In November 2022, the Pango Group engaged the security firm Aon Cyber Solutions to perform a privacy-focused security assessment of the company’s Catapult Hydra source code and Partner VPN platform

 

“This audit made the security of our Partner VPN solution even stronger” explains Neill Feather, Pango’s President. “Following the auditor’s recommendations, we implemented several changes. We intend to regularly audit our Partner VPN solution in the future.”

 

The testing sought to assess and identify privacy risks, software vulnerabilities, and logging that could compromise the confidentiality, integrity, and availability of the company’s VPN systems.* All services were examined to locate inadvertent logging of sensitive information. This included gray-box security testing to gauge the threat of external attackers and application users gaining unauthorized access to the application and/or its data. During the test there were no critical severity findings identified. Lesser severity findings were reviewed using a risk-based approach and, if appropriate, remediated and re-tested.

 

The auditors used a combination of tools and manual techniques during the testing.

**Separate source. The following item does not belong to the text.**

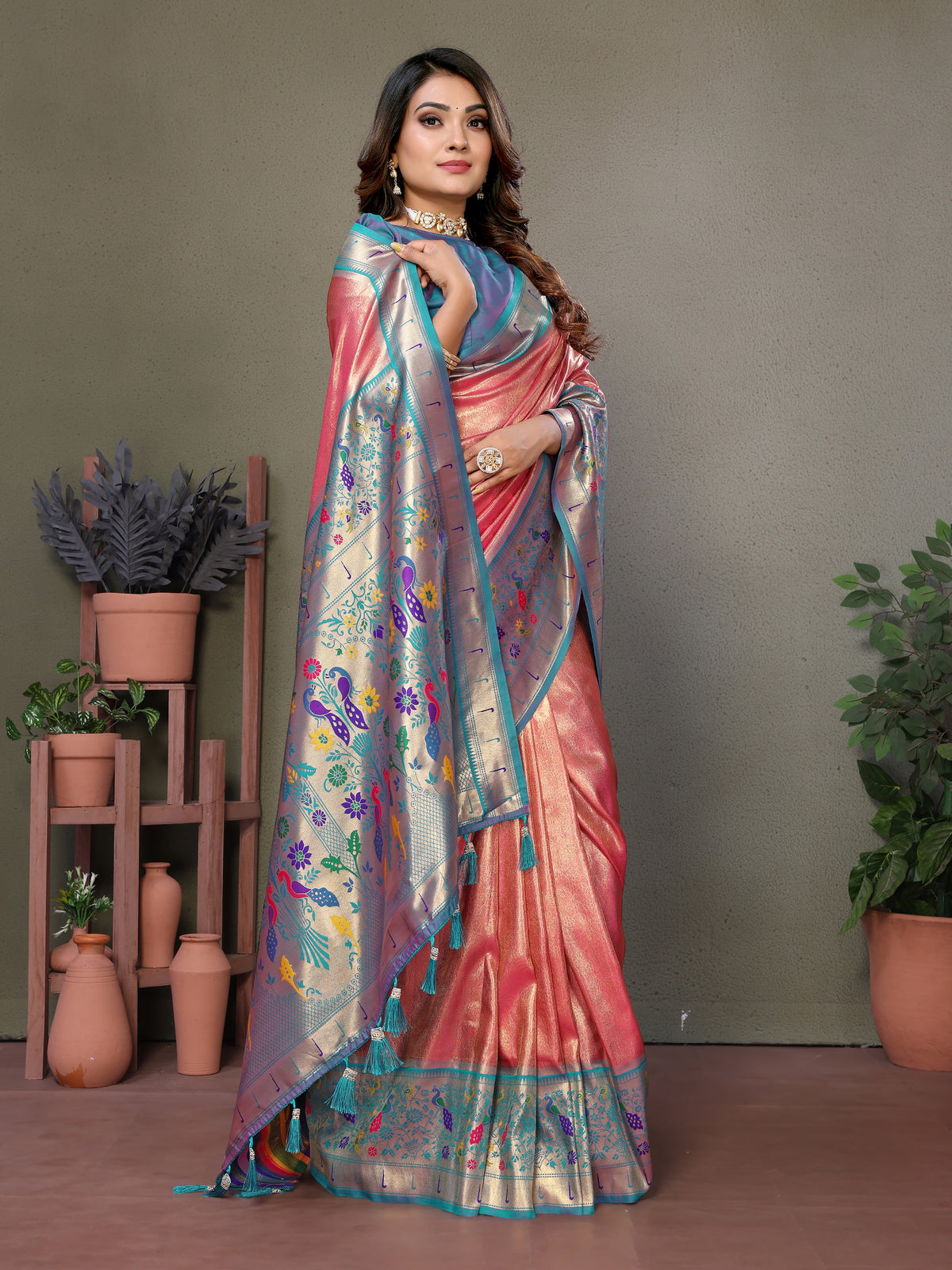 Paithani Border Pure Banarasi Tissue Silk Saree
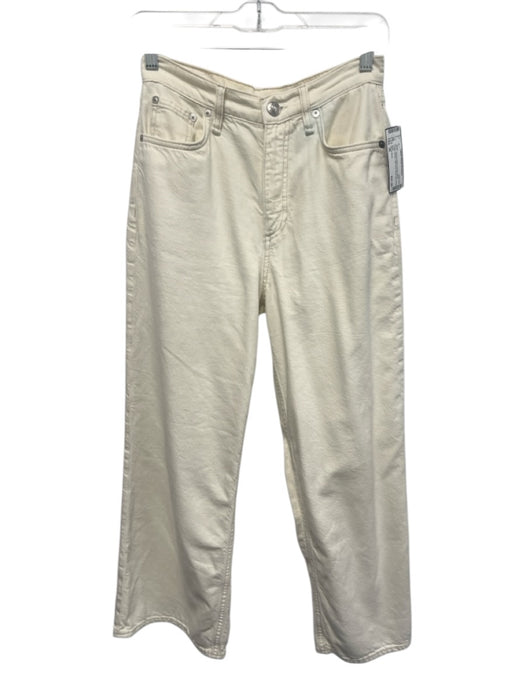 Rag & Bone Size 26 Cream White Cotton Denim High Rise Wide Leg Jeans Cream White / 26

Industry best practices were followed to test Pango’s various privacy controls and confirm Pango does not collect activity logs or connection logs.

 

* Pango is not responsible for the data practices of any of our clients that integrate Pango’s VPN solution into their services. Each client’s practices are subject to the client’s individual privacy policy and terms of service. Customers of Pango’s clients should review the client’s privacy policy and terms of service to understand how that client uses their customer’s information collected through the client’s services.